The interpretation of the coefficients in multiple regression is slightly different from that of simple regression. The estimate for bty_avg reflects how much higher a group of professors is expected to score if they have a beauty rating that is one point higher while holding all other variables constant. In this case, that translates into considering only professors of the same rank with bty_avg scores that are one point apart.

The search for the best model

We will start with a full model that predicts professor score based on rank, ethnicity, gender, language of the university where they got their degree, age, proportion of students that filled out evaluations, class size, course level, number of professors, number of credits, average beauty rating, outfit, and picture color.

Which variable would you expect to have the highest p-value in this model? Why? Hint: Think about which variable would you expect to not have any association with the professor score.

I’m thinking the size of the class. This should not have much association with the professor’s score.

m_full <- lm(score ~ rank + ethnicity + gender + language + age + cls_perc_eval 
             + cls_students + cls_level + cls_profs + cls_credits + bty_avg 
             + pic_outfit + pic_color, data = evals)
summary(m_full)

Check your suspicions from the previous exercise. Include the model output in your response.

Based on the results, cls_profssingle has the highest p-value.

Interpret the coefficient associated with the ethnicity variable.

The ethnicitynot minority contributes a difference of .1235 to the score when the professor is not a minority.

Drop the variable with the highest p-value and re-fit the model. Did the coefficients and significance of the other explanatory variables change? (One of the things that makes multiple regression interesting is that coefficient estimates depend on the other variables that are included in the model.) If not, what does this say about whether or not the dropped variable was collinear with the other explanatory variables?

Original adjusted R-square: 0.1617 New adjusted R-squre: 0.1634 –> after dropping cls_profs.

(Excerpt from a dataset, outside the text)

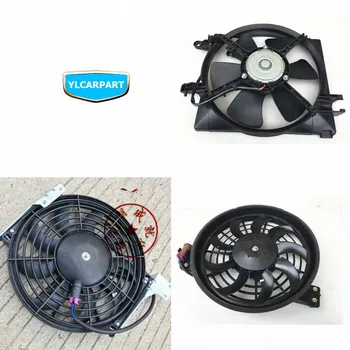 

For Chery QQ3,Car radiator fan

m_full <- lm(score ~ rank + ethnicity + gender + language + age + cls_perc_eval 
             + cls_students + cls_level  + cls_credits + bty_avg 
             + pic_outfit + pic_color, data = evals)
summary(m_full)

Using backward-selection and p-value as the selection criterion, determine the best model. You do not need to show all steps in your answer, just the output for the final model. Also, write out the linear model for predicting score based on the final model you settle on.

Remove: rank (above 5%) ethnicity (above 5%) cls_students (above 5%) cls_levelupper (above 5%) pic_outfit (above 5%)

m_full <- lm(score ~ gender + language + age + cls_perc_eval 
             + cls_credits + bty_avg 
             + pic_color, data = evals)
summary(m_full)

Adjusted R-squared: 0.1502

Verify that the conditions for this model are reasonable using diagnostic plots.
The original paper describes how these data were gathered by taking a sample of professors from the University of Texas at Austin and including all courses that they have taught. Considering that each row represents a course, could this new information have an impact on any of the conditions of linear regression?

Indepedence. Some rows may represent the same professors. So this isn’t really independent.

Based on your final model, describe the characteristics of a professor and course at University of Texas at Austin that would be associated with a high evaluation score.

Male, speaks english, with high average beauty rating, has a black and white photo young.

Would you be comfortable generalizing your conclusions to apply to professors generally (at any university)? Why or why not?

No. This is simply an observational study using limited data at this particular university.